As a diffuse movement, evangelicalism lacks clear institutional authority structures, but the evangelical marketplace itself helps define who is inside and who is outside the fold.

This is not entirely new, however. One must think very carefully of what happened in culture and in faith in the 60s (and 70s). The post WW2 generation perceived a threat in the Great Society and idealized the 50s. What threatened the 50s worldview was feminism, Vietnam, a crisis in masculinity, civil rights, desegregation, the power of white men and a threat to white patriarchal life as it was known. This was shaped – so I recall – by TV shows about “cowboys, soldiers, and warriors.”
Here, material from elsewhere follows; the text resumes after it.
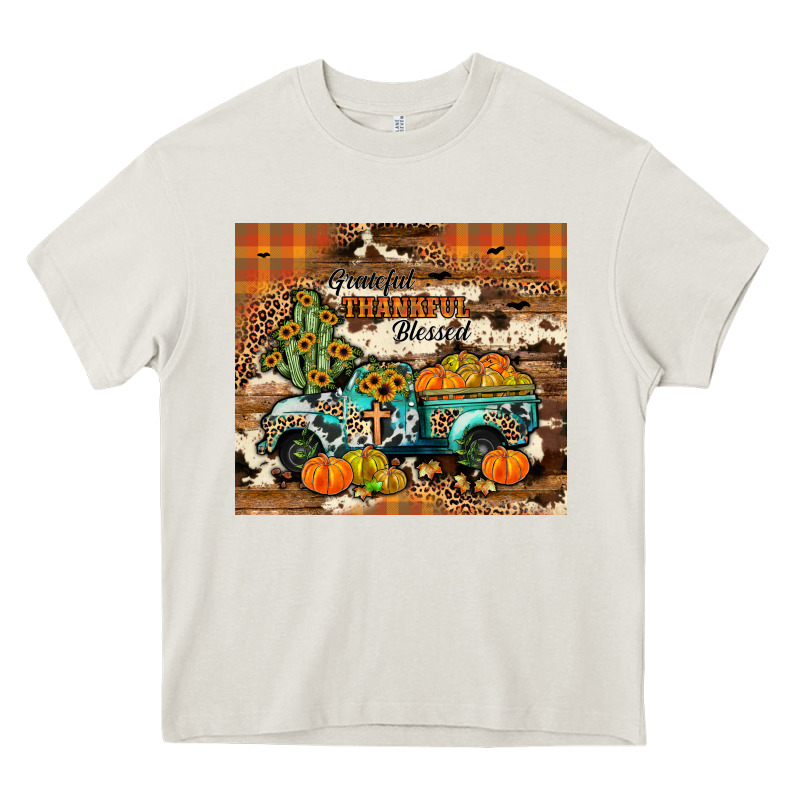 Grateful Thankful Blessed Heavy Core Tee by JahusDesignShop | Teevron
Antecedents can be found in nineteenth-century southern evangelicalism and in early-twentieth-century “muscular Christianity,” but it was in the 1940s and 1950s that a potent mix of patriarchal “gender traditionalism,” militarism, and Christian nationalism coalesced to form the basis of a revitalized evangelical identity. With Billy Graham at the vanguard, evangelicals believed that they had a special role to play in keeping America Christian, American families strong, and the nation secure.The assertion of masculine power would accomplish all these goals.

Do not forget how politically induced some of the Billy Graham messages were – with anti communism. The Red Threat.


Evangelical militancy cannot be seen simply as a response to fearful times; for conservative white evangelicals, a militant faith required an ever-present sense of threat.

That threat for them was present in Obama and it will be in the future, if not already in 2021.